• Mother Of Chaos

Chaos and Calm

I’m sitting in my cluttered kitchen surrounded by piles of art supplies and books about shapes. Most people would say that it’s a mess. It’s just a fairly typical, if slightly chaotic, day in our household. My oldest son is perched on top of an upturned laundry basket because the base forms an oval which has piqued his interest. He gushes enthusiastically about how ovals are just like stretched circles. It’s great to see his brain connecting similarities and differences between his favorite shapes. His favorite perch pose is the Spiderman crouch where he can feel the tension in his legs while peering over the edge of the laundry basket. The feeling of perching on a height gives him a sense of calm and relief. He’s got a light red sucker in one hand and a dark red sucker in the other. It’s been a great day of potty training here and he enjoys alternating between the colors to dye his tongue a custom color. It doesn’t matter that the cherry and fruit punch flavors clash as long as the colors work together. Between his oval perch and the custom colors on his tongue, his passions and sensory needs are satisfied for the moment. My younger son is sleeping peacefully with his beloved stuffed monkey tucked under his right arm. It’s his last month in the crib even though he doesn’t know it yet. He will be testing the boundaries soon enough as he gains a new level of independence and responsibility. For a little boy who lives to jump, run, and climb, it’s going to be a challenge to build a routine that balances freedom and rules. We will find that sweet spot. It’s just a matter of trial and error.
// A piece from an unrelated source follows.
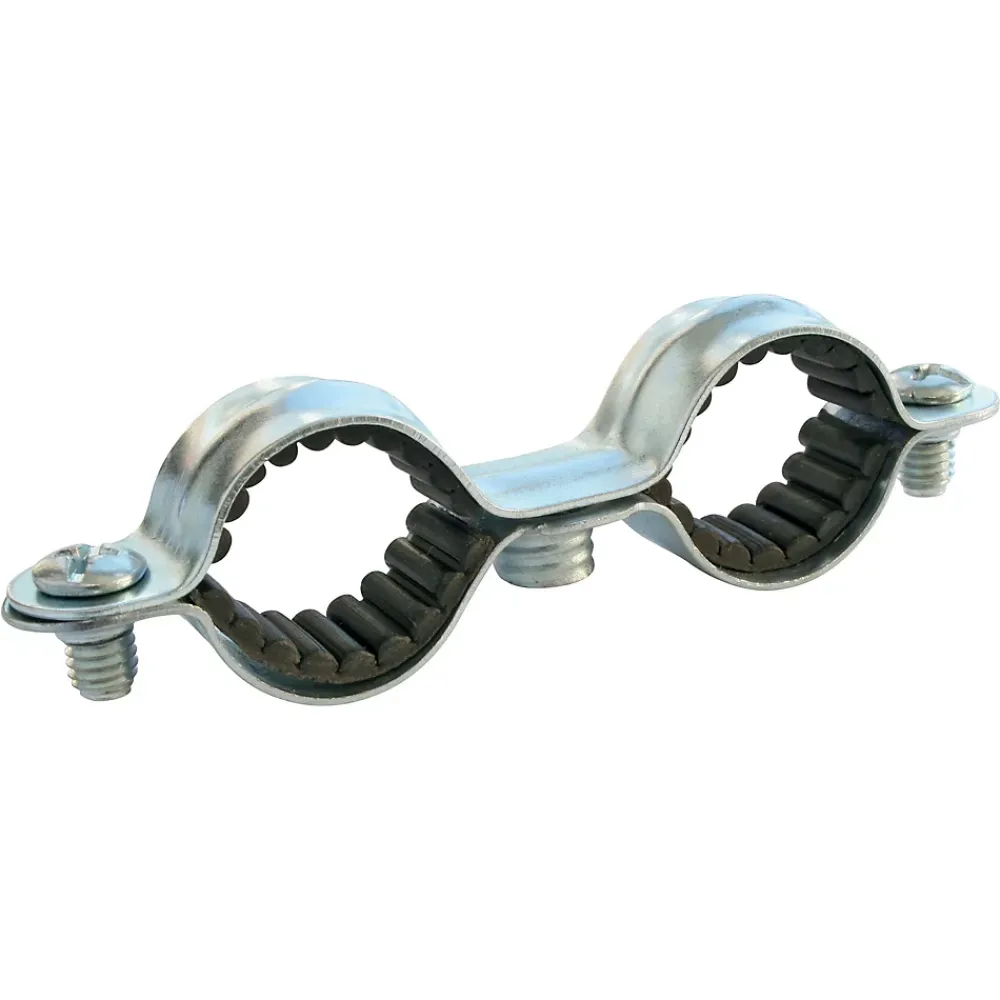 Somatherm for you - Collier double isophonique diam 16 (x10 ) - Acier nickelé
We revel in the neurological differences within our household. Our family represents a wide range of neurodiversity as well as a few examples of rare chronic illnesses. It’s been quite a journey to learn how to live happily while meeting everyone’s varied needs and limits. Our lifestyle has to take a different form than most families. I struggle in hot temperatures, but love to cook over a hot stove. My oldest son is terrified of animals, but adores picking out animal habitats in his geography book. The youngest of the family will tackle any climbing challenge, but prefers nonverbal communication. We all have to manage this complex set of needs and respect each other to make this family work together smoothly. Many times this means that we need to take a few days off after a vacation or a stressful hospital visit to give everyone adequate time to decompress and emotionally process the events. It’s not fair to anyone if the emotional trauma and stress aren’t processed before we dive back into the hectic pace of life. If we cancel out on an event at the last minute, it’s a sign that someone needed more space and downtime than we had originally budgeted for when we built our schedule. Everywhere we go, we have an exit strategy planned out for times when one of the kids has a meltdown or becomes overwhelmed by the sensory input of a store or playground. Sometimes it’s as simple as having a stranger out for a jog with their friendly dog who comes too close to us. When the anxiety and fear kick in, a simple trip to the playground becomes emotionally charged. At that point, we have learned to toss our plans out the window and start over with a calming, relaxing, and regulating activity like a stroller ride through a quiet section of the park or taking a quiet drive through town to find interesting house colors.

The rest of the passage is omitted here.